Da un verso del poema un’ ipotesi sull’esistenza della cartomanzia nel sec. XV

 

Andrea Vitali, novembre 2013

 

 

Nella lingua italiana troviamo diverse espressioni o locuzioni usate in senso figurato derivate dal gioco delle carte. Ad esempio, ‘mettere le carte in tavola’ deriva dal linguaggio dei giocatori che in molti giochi sono tenuti a deporre le carte sul tavolo per effettuare il conteggio dei punti. Poiché in genere i giocatori non devono vedere le carte degli altri né mostrare le proprie, per non far capire in anticipo le mosse e per avere libertà di gioco, ‘giocare a carte scoperte’ e ‘scoprire le proprie carte’ in senso figurato significa rivelare chiaramente i propri piani, le proprie intenzioni, senza barare e quindi senza ingannare.

 

Di seguito elenchiamo le espressioni più comuni, usate in senso figurato, derivanti dal gioco delle carte 1:

 

mettere le carte in tavola = esporre chiaramente e veridicamente una situazione, senza nascondere nulla; rivelare le proprie intenzioni, progetti o simili; agire apertamente, senza sotterfugi.

avere buone carte = avere buone possibilità di riuscita.

giocare a carte scoperte = agire senza nascondere nulla.

giocare una carta = ricorrere a un espediente, fare un tentativo più o meno rischioso.

giocare una buona carta = ricorrere a un espediente che si considera vincente.

giocare l’ultima carta = tentare il tutto per tutto, ricorrere all’ultimo espediente.

giocare tutte le proprie carte = mettere in opera tutti i propri mezzi.

imbrogliare le carte = creare di proposito confusione, incertezza, equivoco.

arrischiare una carta = fare un tentativo rischioso.
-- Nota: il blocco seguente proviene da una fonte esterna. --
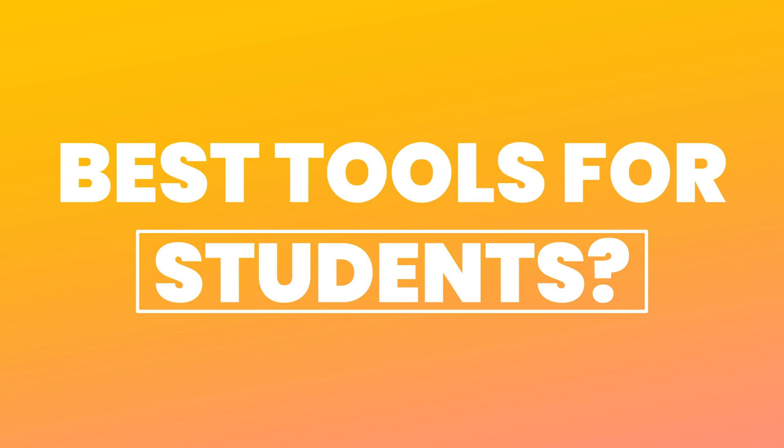What are the best tools for students? In this video we'll be going through five of the best tools every student should be using to aid with their learning.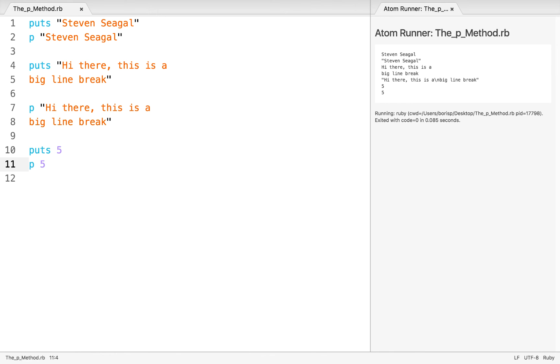Throughout the course, I'll be using a combination of puts and print and p, so we'll have plenty of time to practice with all of them. But that's a quick introduction on how we output something to our output, in this case, the atom runner. And in the next lesson, we'll continue on with the basics of Ruby and dive into how to perform basic arithmetic operations with Ruby. So I'll see you there.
cambiare le carte in tavola = modificare in modo furbo e poco corretto le proprie posizioni. Dare un nuovo significato alle cose già dette, interpretare le parole di un altro in senso diverso da quello giusto, mutare i termini d’una questione (con questi significati anche cambiare le carte in mano a qualcuno), fingere d’ignorare quanto s’era promesso.

giocare a carte scoperte = agire senza nascondere nulla.

giocare la propria carta = impiegare tutte le risorse a disposizione per riuscire in una impresa.

scoprire le proprie carte = rivelare le proprie strategie e gli intendimenti.

tenere la carta bassa = nascondere le proprie intenzioni.

 

Abbiamo introdotto questi modi di dire per una attenta valutazione di un’espressione che l’Ariosto usa in un verso del suo Orlando Furioso laddove descrive le vicende accadute al cavaliere pagano Ruggero e ad Astolfo in seguito al loro incontro con Alcina, una fata che assieme alle sue sorelle Morgana e Logistilla, dimorava in un palazzo incantato oltre le Colonne d’Ercole. Come la maga Circe, anche Alcina trasformava gli amanti verso cui non provava più interesse in animali o piante, come accadde ad Astolfo che si trovò tramutato in un mirto.

 

Alcina, grazie ai suoi poteri, appariva agli incauti forestieri come una donna bellissima e di fascino straordinario. Ecco come Ariosto la descrive nel momento in cui ella accolse Ruggero nel suo splendido palazzo, circondata da persone di giovanile età e di grande bellezza:

 

Canto VII 

 

IX

 

La bella Alcina venne un pezzo inante

   verso Ruggier fuor de le prime porte;

   e lo raccolse in signoril sembiante,

   in mezo bella e honorata corte.

   da tutti gli altri tanto honore e tante

   riverentie fur fatte al guerrier forte;

   che non ne potrian far più, se tra loro

   fosse Dio sceso dal superno choro 2.

 

(La bella Alcina venne avanti per un pezzo di strada fuori dalle prime porte d’ingresso del palazzo verso Ruggiero, e lo accolse con modi signorili in mezzo a una corte bella e stimabile. Da tutti gli altri furono fatte al forte guerriero tanti onori e tante reverenze che non avrebbero potuto fare di più se in mezzo a loro fosse disceso Dio direttamente dal Paradiso).

 

X

 

Non tanto il bel palazzo era eccellente

   perche vincesse ogn’altro di ricchezza;

   quanto ch' havea la più piacevol gente,

   che fosse al mondo, e di più gentilezza.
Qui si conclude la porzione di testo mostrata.